(Task instructions): Only the lines from the one containing "2022 Allmand NLGR LC 3KW Portable Work Light" through the end of the listing are to be repeated, exactly and without pictures.

(Data segment):
»»
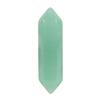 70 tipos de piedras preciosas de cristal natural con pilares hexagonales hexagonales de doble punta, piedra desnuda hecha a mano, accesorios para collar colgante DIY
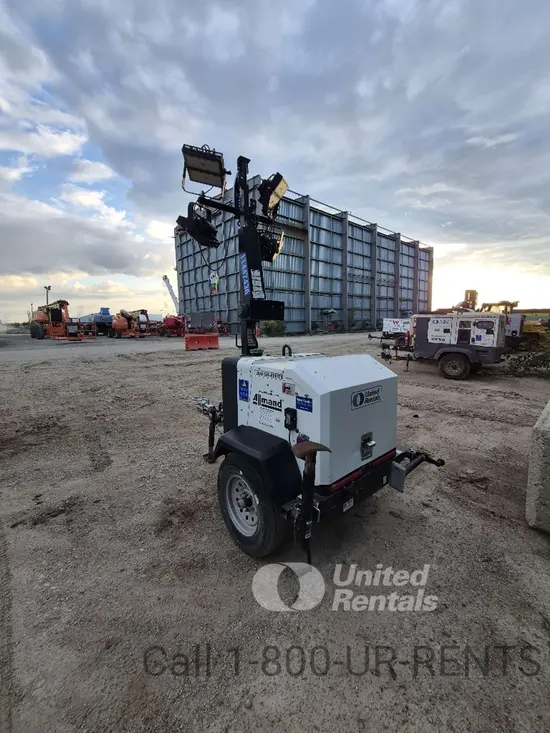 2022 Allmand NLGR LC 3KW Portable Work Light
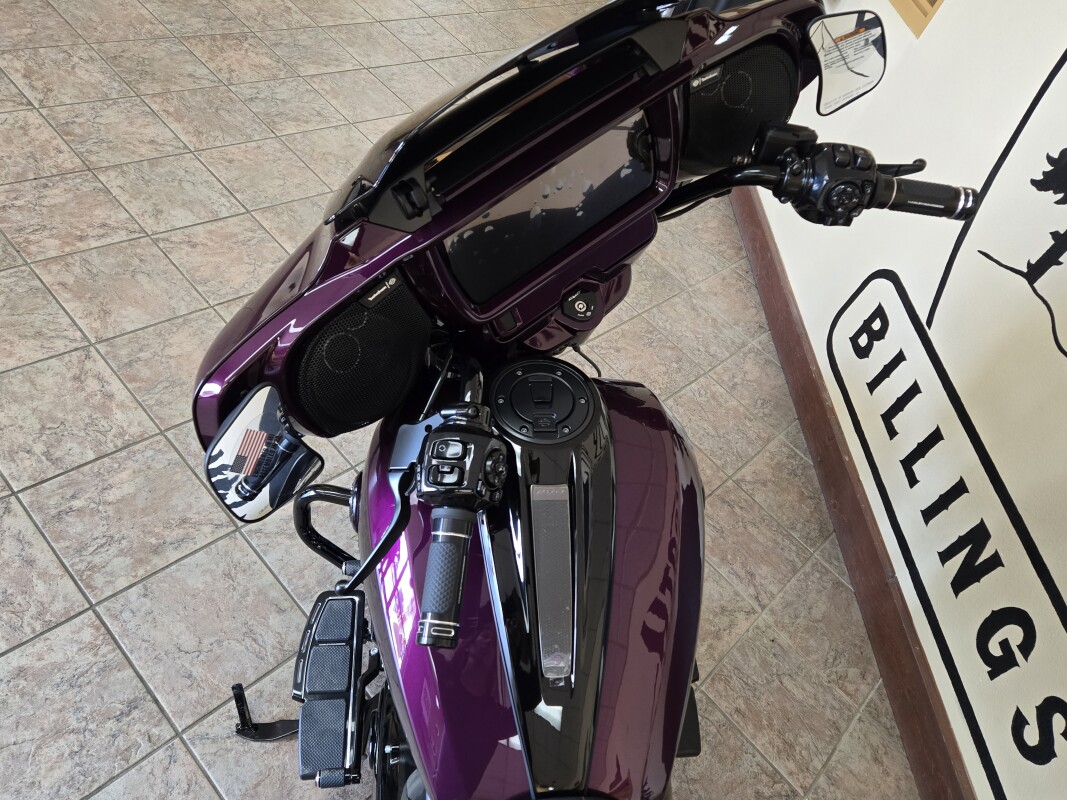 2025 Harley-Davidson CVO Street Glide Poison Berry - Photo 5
««
(Output of the task):
 2022 Allmand NLGR LC 3KW Portable Work Light
 2025 Harley-Davidson CVO Street Glide Poison Berry - Photo 5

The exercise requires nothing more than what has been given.